I’m running the function with 64 blocks and 256 threads.

This is no problem as long as I don’t try to get the results.

But when I’m copying the data to the global memory is gets

very slow.

Here the code:

The function calculate:

__global__ void calculate(int* t)


    int bits[60];

    int idx = blockIdx.x*blockDim.x+threadIdx.x;


    some computational stuff


   t[idx] = bits[1];


the code in the main:

#define BlockSize 64

#define ThreadSize 256

int BT = BlockSize*ThreadSize;

int * t;

(cudaMalloc((void**) &t, BT*sizeof(int)));


As long as the line “t[idx] = bits[1];” is not in the function,

everything is real fast.

Is there any way I can make this call faster?

The array “bits” only contains 0 or 1 and I have to check if

one of the computated results (which is stored in bits[1])

in the threads is 1.

Then I’ve tried something like

if (bits[1])


for “t[idx] = bits[1];” .

where t was an integer but it didn’t help.

What I didn’t understand there was, that

if left the if-line it was as fast as usual…

Can anyone explain this or give me a hint how to do this better?

Thanks a lot,

Claus Massion

If I understand correctly, this: t[idx] = bits[1]; gives 256 times the same value (each thread copies the value to global memory). You could try:

if (!idx) 

  t[idx] = bits[1];

In this part:

if (bits[1])


each thread will write to the same memory location, which could give strange results.

I didn’t understand the last part of your post.

Dear Claus,

pasting the upper line (“t[idx] = bits[1];”) into your code or leaving it out you will never know wether your algorithm or the write back to global memory is the bottleneck, because if you don’t write the data back you can not be sure wether the compiler is optimizing some lines (or maybe all lines) of your code away. It makes no sence to process data that is never output. In fact the compiler will normally not compile any data, which has nothing to do with the ouput data.

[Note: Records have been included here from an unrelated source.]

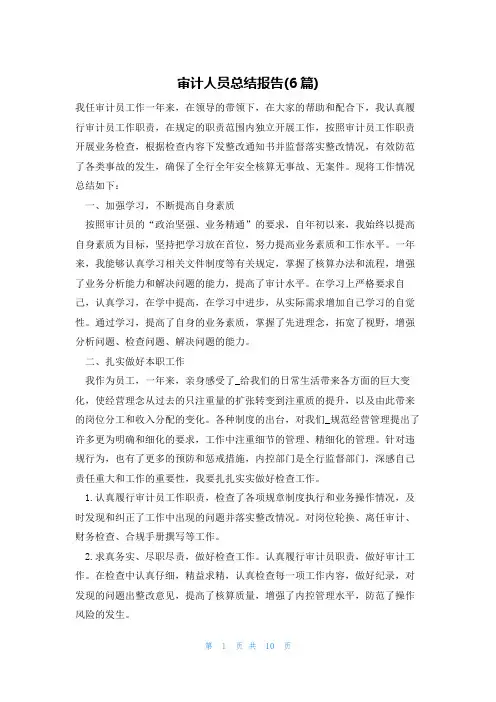 审计人员总结报告(6篇)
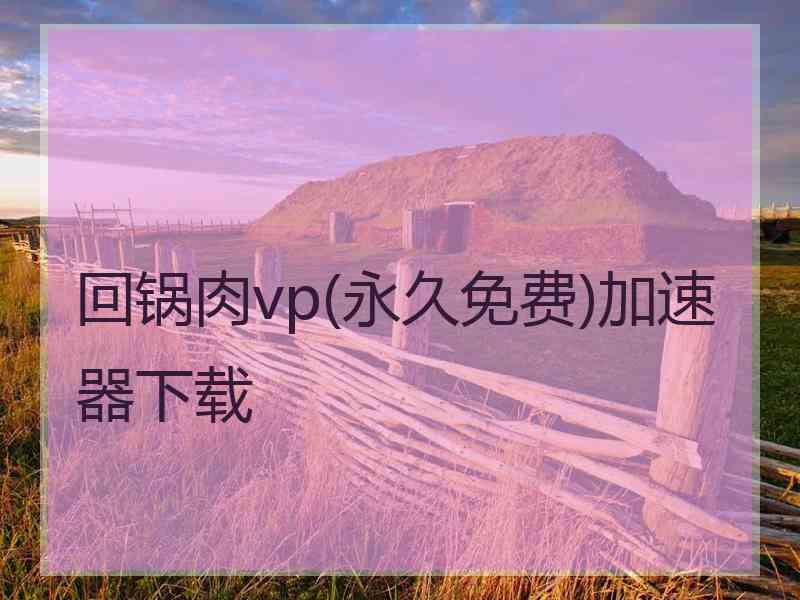 回锅肉vp(永久免费)加速器下载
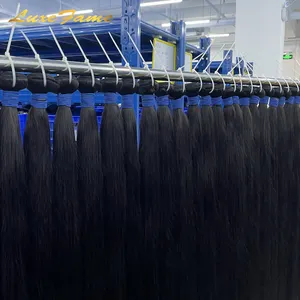 Fournisseurs de paquets de cheveux humains vierges alignés sur les cuticules brutes de meilleure qualité de qualité 12A Cheveux humains brésiliens à double tirage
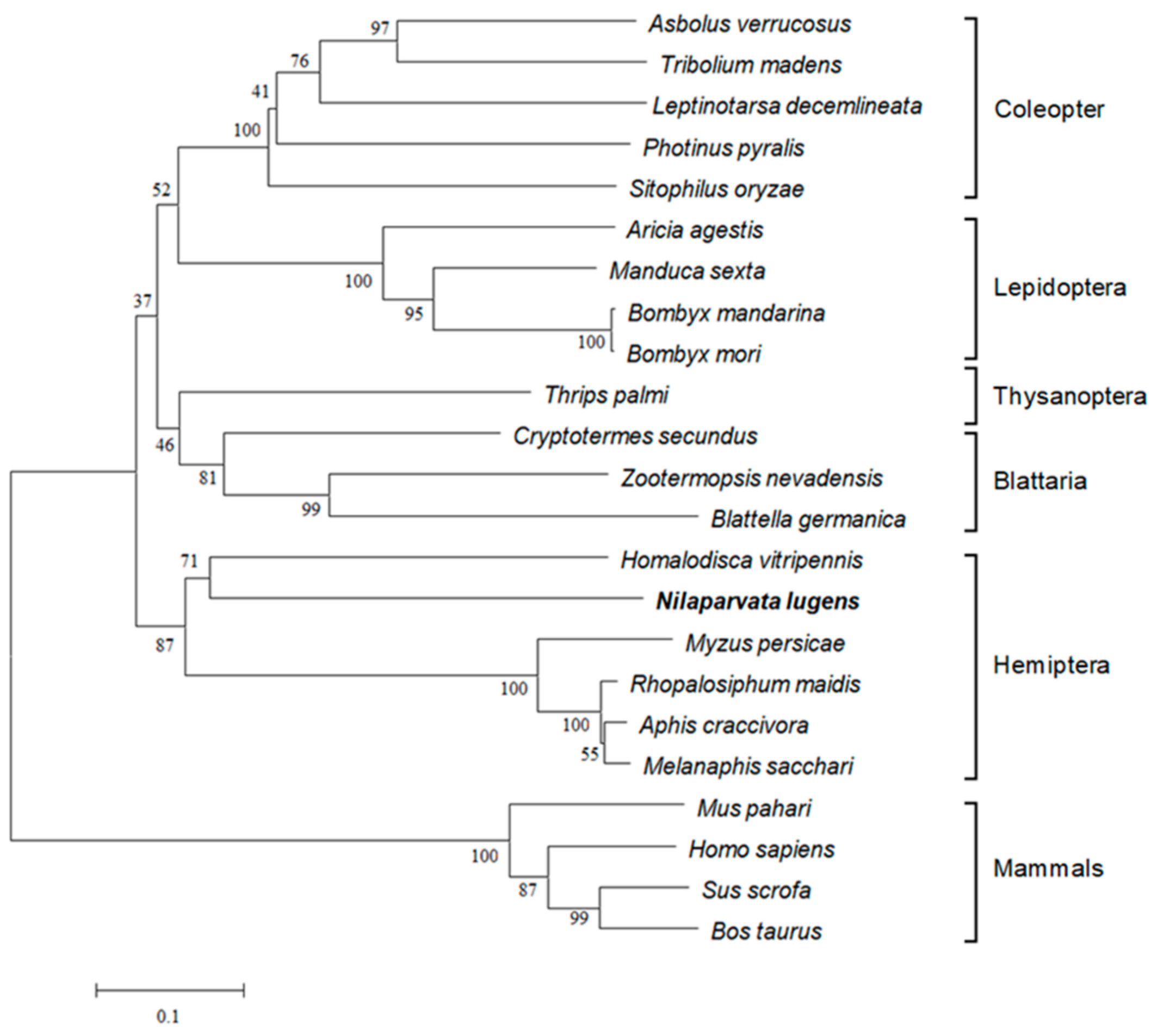 Insects 13 00303 g002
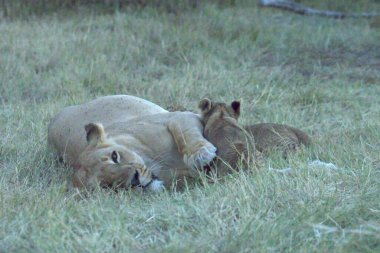 Aslanlar aslanlar ve aslanlar.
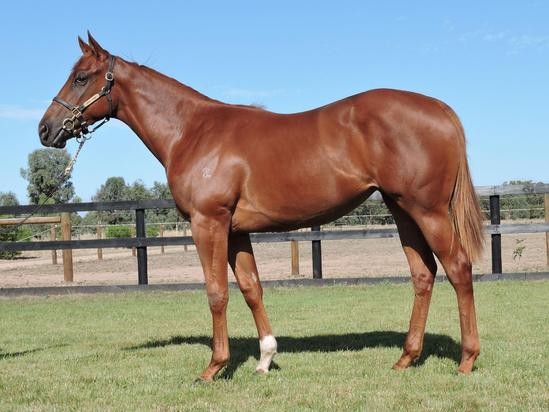 Helmet X Hierogram Filly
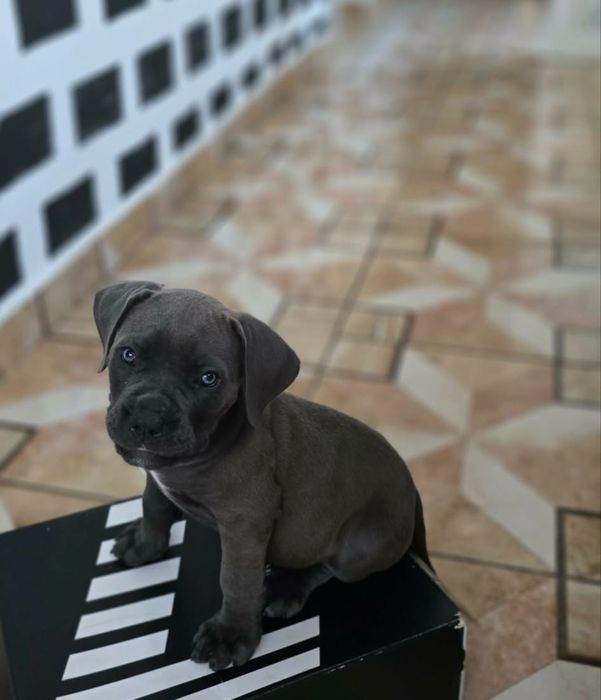Cane Corso pedigree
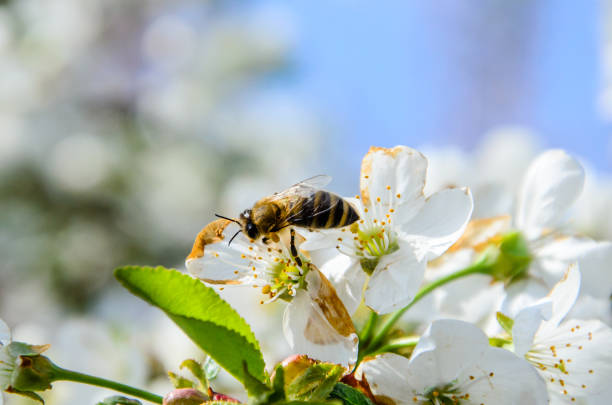istock Honeybee collecting nectar from flowers of the cherry tree 686503772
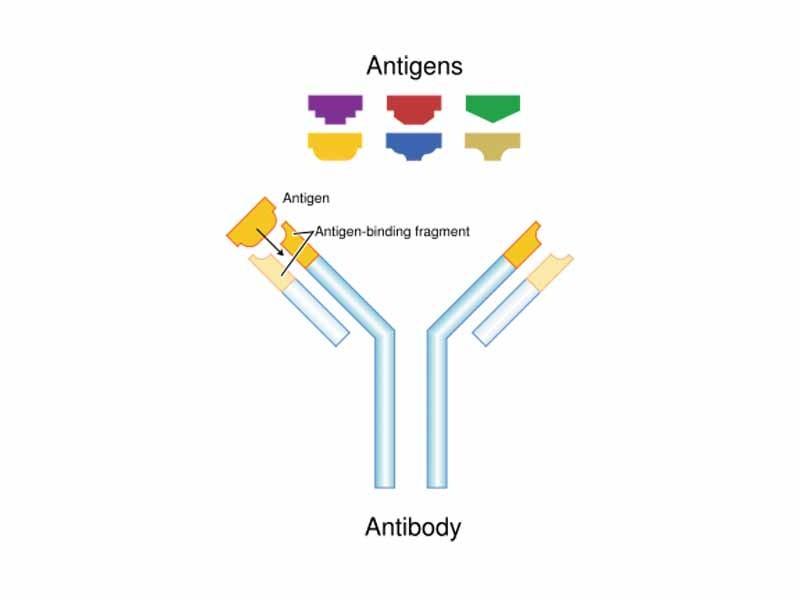Ag - Ab hypervariabilní oblasti - antigen vazebná aktivita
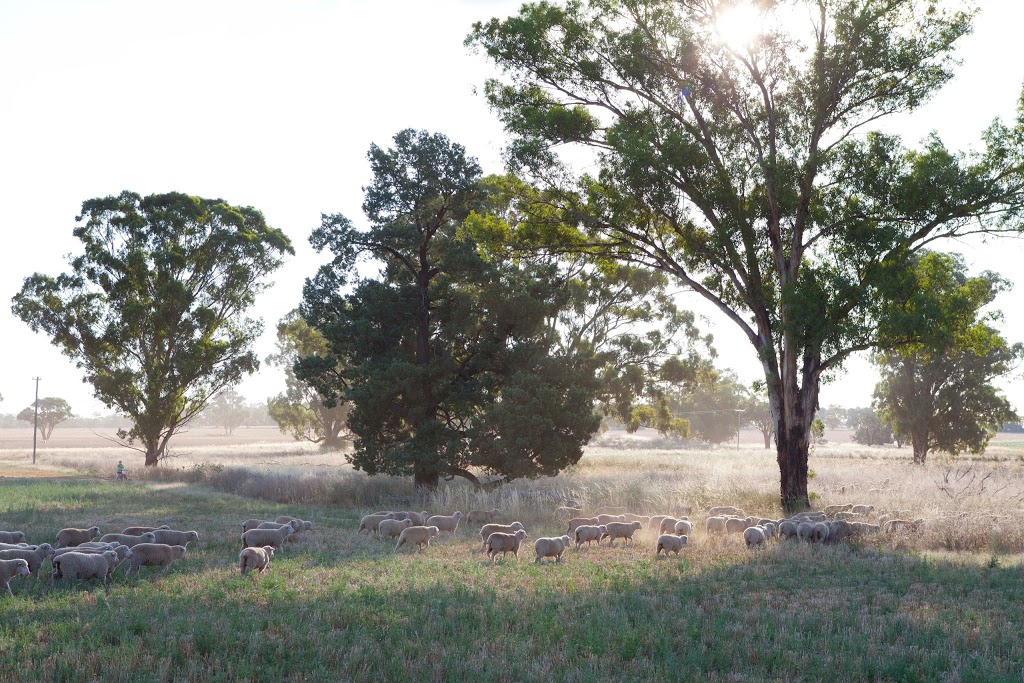 Outback Lamb | food | "Westpoint", 2124 The McGrane Way, Tullamore NSW 2874, Australia | 0427697245 OR +61 427 697 245
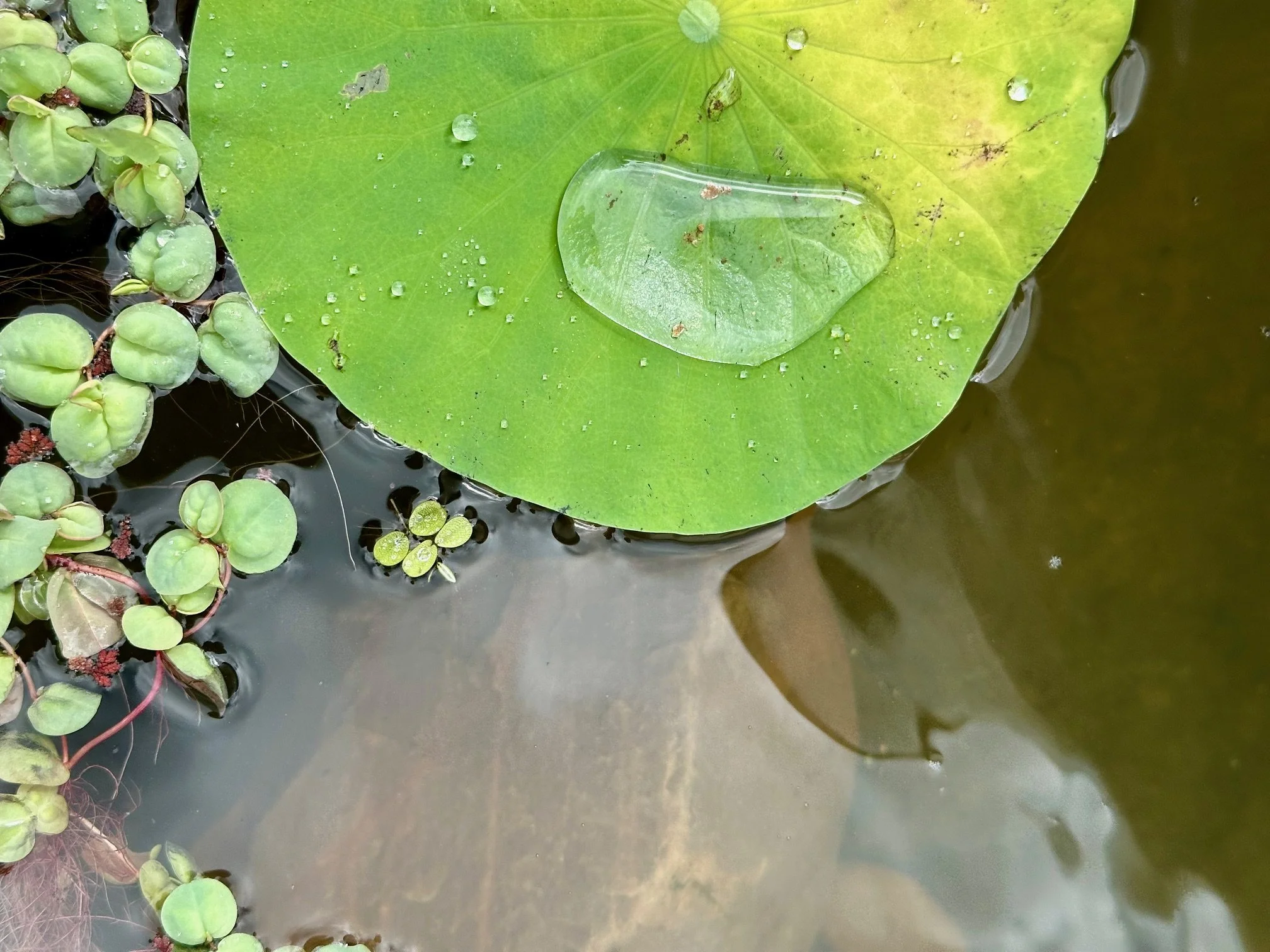 The Verdant Center: Cultivating Restorative Balance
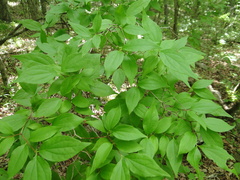 Philadelphus inodorus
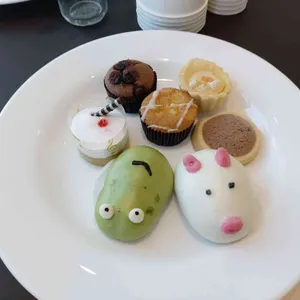 쎄쎄쎄 사진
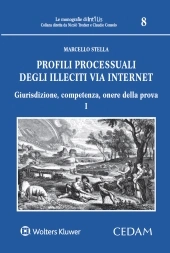 Profili processuali degli illeciti via internet.  
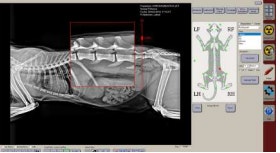 image COMPACT%20DR%203%20-%20copia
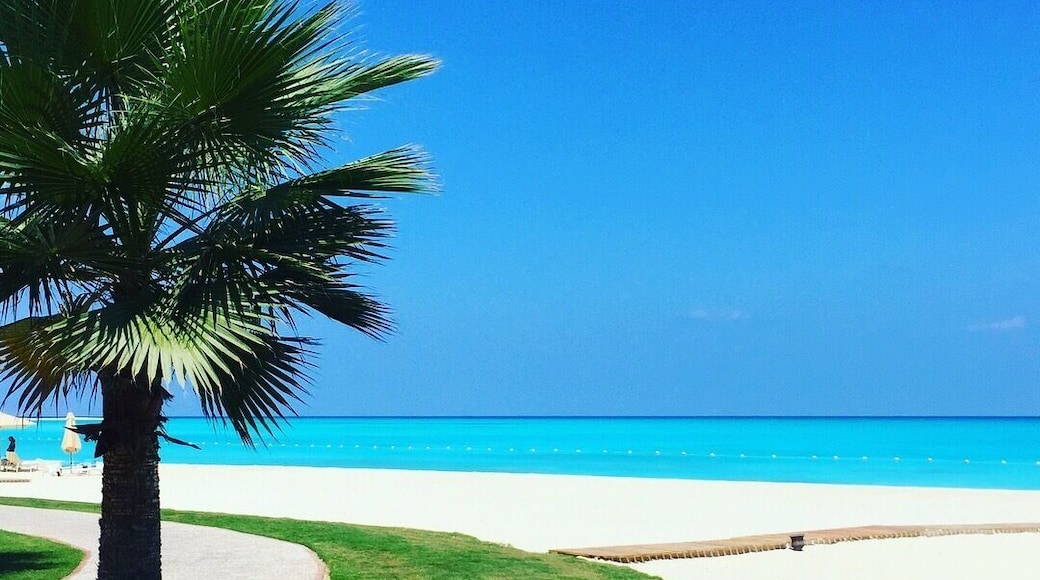 #nofilter #lifeatexpedia. The Mediterranean coast of Egypt has one of the world’s most beautiful sandy beaches with turquoise crystal clear waters. Tip: the best time to go is in may/june when it’s warm but not crowded.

For example if you have an aimless loop like this:

int j = 2;

for(int i; i<999999; i++) {

j *= 2;


and j is never used again than this loop normally will not be compiled.

I would suggest to do some write backs without any processing.

I mean just write back some zeros or any random data.

If the write back gets faster than the algorithm should be the bottleneck.

Sincerely, chubi

chubaca is correct. Kernels which do not produce any output are optimized away completely so that it doesn’t perform any computational stuff at all.